Once you deploy the first version of your product is when you really start working on it since you will start understanding better your users and their real needs.

![End-to-end workflow for training, evaluation and deploying models.](https://4117164708-files.gitbook.io/~/files/v0/b/gitbook-x-prod.appspot.com/o/spaces%2F-MFCNLySTC0Jf6imOp3y%2Fuploads%2Fgit-blob-cc7431c88bd022cc06d46f5ef5097633614c0739%2Ftrain_eval_deploy.png?alt=media)

Firstly, it is crucial to understand that your data will keep growing over time, and the sooner you can feed it back to your system, the better your model will generalize to your problem domain.
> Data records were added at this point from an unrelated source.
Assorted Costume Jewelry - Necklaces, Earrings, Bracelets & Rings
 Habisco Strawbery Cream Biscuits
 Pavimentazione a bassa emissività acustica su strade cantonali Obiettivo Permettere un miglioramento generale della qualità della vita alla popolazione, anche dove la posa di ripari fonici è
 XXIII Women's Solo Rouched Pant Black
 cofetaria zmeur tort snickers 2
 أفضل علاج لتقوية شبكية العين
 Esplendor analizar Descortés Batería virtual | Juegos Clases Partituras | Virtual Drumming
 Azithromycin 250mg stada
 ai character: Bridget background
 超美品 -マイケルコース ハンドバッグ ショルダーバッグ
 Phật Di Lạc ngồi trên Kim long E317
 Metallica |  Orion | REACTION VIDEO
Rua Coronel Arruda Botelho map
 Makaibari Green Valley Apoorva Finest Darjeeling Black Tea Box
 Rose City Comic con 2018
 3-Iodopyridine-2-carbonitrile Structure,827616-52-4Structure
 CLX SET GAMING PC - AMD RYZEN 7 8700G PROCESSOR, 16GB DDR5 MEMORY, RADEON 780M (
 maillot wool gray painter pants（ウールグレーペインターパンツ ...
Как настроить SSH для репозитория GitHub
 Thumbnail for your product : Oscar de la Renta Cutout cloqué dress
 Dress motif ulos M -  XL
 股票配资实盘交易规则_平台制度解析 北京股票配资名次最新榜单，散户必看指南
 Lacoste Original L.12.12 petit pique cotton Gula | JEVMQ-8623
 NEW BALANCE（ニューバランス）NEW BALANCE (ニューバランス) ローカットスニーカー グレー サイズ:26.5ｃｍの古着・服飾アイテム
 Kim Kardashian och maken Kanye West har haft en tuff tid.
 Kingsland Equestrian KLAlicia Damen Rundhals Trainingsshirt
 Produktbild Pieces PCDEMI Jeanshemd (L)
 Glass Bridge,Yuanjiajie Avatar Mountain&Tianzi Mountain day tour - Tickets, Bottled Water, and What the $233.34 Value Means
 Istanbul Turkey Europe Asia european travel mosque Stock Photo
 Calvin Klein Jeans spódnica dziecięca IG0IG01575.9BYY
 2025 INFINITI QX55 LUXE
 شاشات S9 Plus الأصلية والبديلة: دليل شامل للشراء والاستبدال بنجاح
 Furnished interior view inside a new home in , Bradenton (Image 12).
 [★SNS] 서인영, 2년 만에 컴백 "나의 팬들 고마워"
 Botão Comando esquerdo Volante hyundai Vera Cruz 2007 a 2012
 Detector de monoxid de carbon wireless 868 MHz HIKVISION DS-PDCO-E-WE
Once you move on to train models, try to keep your system *simple*:

* Start with **light models**, **small architectures** so they can be easily debugged, e.g. [MobileNet](https://arxiv.org/abs/1704.04861) for visual classification tasks.
* Take a **small sample of your dataset** that you are certain that is properly curated.
* Try approaches that **have worked for others**, e.g. for convolutional networks, use ReLU activation functions; or for LSTM models, TanH activation.
* **Normalize** your data before feeding it to the model.
* For class imbalance problems, start with a **balanced subset, so** so you can skip weighting your loss function.
* Keep the **number of classes fixed**, so you can guarantee a fair comparison between models.

## Debugging

Before evaluating your model, it is highly recommended **debugging** your system to make sure that the model is not **overfitting** to your training data, making sure your experiments are **reproducible** (using seed values can help the debugging process), **compare** similar architectures trained on the same data with small variations to the hyper-parameter values, or take **third-party models** from frameworks like Keras that they most of the time guarantee correct functionality. **Unit tests** are strongly suggested to be included in your code pipeline.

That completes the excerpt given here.